The publication of the figures last week was "irregular and inconsistent" with the code of practice and the Ministerial Code and should not happen again, Sir Michael said.
The UK Border Agency released figures on November 4, for publication last Monday, showing that border officials seized more cocaine and almost double the amount of heroin in the last six months than in the whole of the previous year. But just three days later, the official Home Office Statistical Bulletin showed the amount of cocaine seized by border officials in England and Wales had actually fallen by a quarter in 2010/11 compared with 2009/10, and the amount of heroin seized had halved.
In his letter to Mr Green, Sir Michael wrote: "The Statistical Bulletin makes reference to a fall in the volume of seizures of class A drugs in the most recent period. This contrasts with the November 4 press release, which highlights a large increase in seizures, albeit for a different time period.
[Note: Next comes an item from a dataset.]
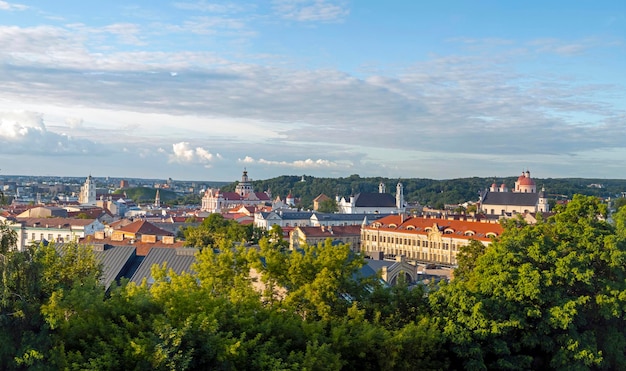 Vilnius vue panoramique sur la vieille ville avec les églises d'horizon Tour de Gediminas pendant l'été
"The November 4 press release, which appears not to have been published on either the Home Office or the UK Border Agency websites, and seems to have been distributed only to a select group of journalists, makes no reference to the forthcoming Statistical Bulletin.
"It was, I understand, produced without any involvement by, and without the knowledge of, the department's statisticians; and it is highly selective in its choice of statistics, in order, it seems, to show the UK Border Agency in a good light."
He went on: "It has been suggested to me that one motivation for this release was to generate positive news coverage ahead of the release of the National Statistics which showed a decline in the volume of drug seizures. I would welcome your reassurance that this is not the case. Were it to be the case, the authority's view is that this would be highly corrosive and damaging to public confidence in official statistics."
UKBA chief executive Rob Whiteman welcomed the initial figures, saying: "Our work to secure the border all day, every day continues to show significant results despite the efforts of organised crime gangs to circumvent our controls."
Mr Green said that "stopping harmful drugs like heroin and cocaine means we're helping keep communities safe and preventing criminals exploiting the UK".